DoD’s second financial audit uncovers 1,300 new deficiencies

Although the Pentagon resolved more than 500 findings from last year's audit, so far, auditors are identifying financial management problems faster than DoD can...

The results of the Pentagon’s second-ever full financial audit are a decidedly mixed bag: Although officials were able to point to some areas of significant progress in managing the Defense Department’s finances over the past year, overall, auditors are uncovering new problems faster than the department is fixing them.

At this time a year ago, auditors had made 2,410 separate findings and recommendations during the department’s first-ever financial audit. In the 2019 financial report DoD issued Friday evening, officials said 556 of those had been resolved. But besides the more than 1,800 problems the department is still wrestling with from 2018, auditors made more than 1,300 new findings during the course of the latest audit.

In addition, the audit turned up a larger number of material weaknesses this year.

Auditors define those as broad and serious management problems that make it at least possible that the department will misstate its overall financial positions to the public and to Congress. Last year, there were 20 material weaknesses; in the latest audit, there are 25, including newly identified high-risk areas involving the military services’ privatized housing programs and the F-35 program.

Nonetheless, both DoD and its inspector general said they were able to point to distinct areas of progress in 2019. For instance, the Defense Commissary Agency is expected to earn a clean opinion for the first time. That would bring the number of DoD organizations or programs with positive audit results to a total of seven, out of the more than 20 examinations that make up the full, department-wide audit.

“The audit is doing what the department needs it to do — expanding testing and generating new findings and recommendations,” the department said in a statement. “Auditors assessed the completeness and accuracy of financial data, the counts, location and condition of assets, and corrective actions implemented to address prior-year findings and recommendations. The key benefits of audits come from these findings, which help us identify vulnerabilities in cybersecurity, improve inventory management, and provide better data for decision-making.”

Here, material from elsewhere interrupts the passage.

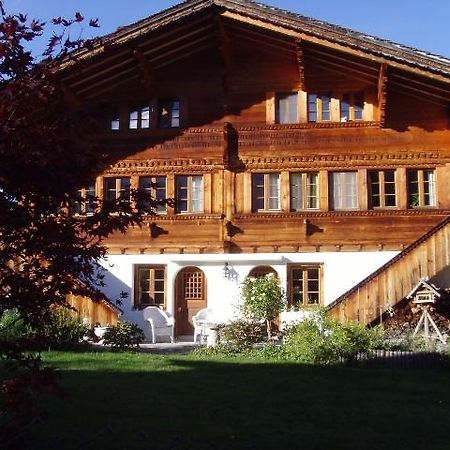 Bergluft Bed & Breakfast Lenk Exterior photo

And DoD financial management officials said one reason that more audit findings haven’t been deemed resolved is that the department’s corrective action plans haven’t been in place long enough for the massive team of 1,400 independent auditors to tell if they’re working.

“The department anticipates [notices of findings and recommendations] closing at increased rates over time as the audit and related remediation efforts mature,” according to Friday’s report. “As the closings of these NFRs grow, the related material weaknesses are expected to downgrade or be resolved as the effect of implemented corrective actions continue to manifest.”

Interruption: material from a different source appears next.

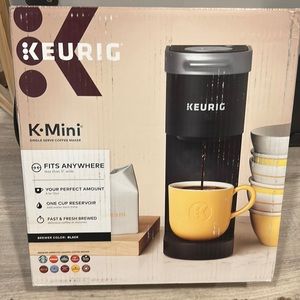 Keurig mini black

And while none of the military services have earned a clean opinion, audit overseers in the inspector general’s office pointed to progress within each of them. The Army, for instance, has been able to provide more documentation to support its military pay transactions, the Air Force is improving its operational controls in ways that make its business processes more efficient, and the Navy has made a concerted effort to prove that the property recorded on its books actually exists.

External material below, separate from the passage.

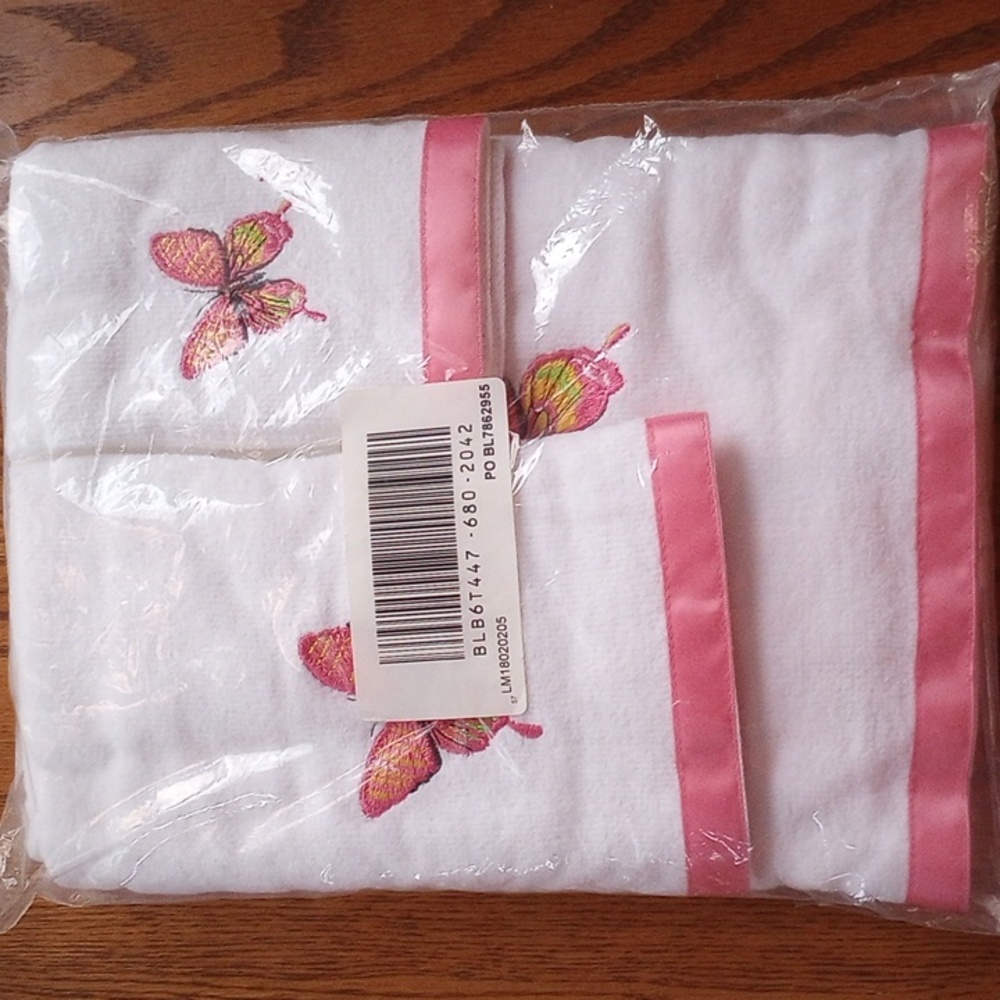 Butterfly embroidered new white towel set pink trim Blair still in pack set of 3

“While progress has been made, much more work is necessary for better financial management and a clean audit opinion,” the OIG said in a statement Friday. “It is clear that the road to a clean financial statement opinion for the DoD is a long-term effort. For example, the DoD and its components must focus on key areas that require development of efficient and sustainable business processes.”

DoD remains the only federal agency that has not yet passed a full financial audit, a requirement Congress first imposed in the 1990 CFO Act. David Norquist, the deputy secretary of Defense who made audit improvements a priority during his previous tenure as DoD’s comptroller, is set to testify about the 2019 results and DoD’s prospects for finally complying with the law during a hearing of the Senate Armed Services Committee on Wednesday.

However, parts of the audit are still underway. The Pentagon said financial statements for the Defense Information Systems Agency and for the inspector general’s office were still being audited, but that it expected the IG to get a clean opinion.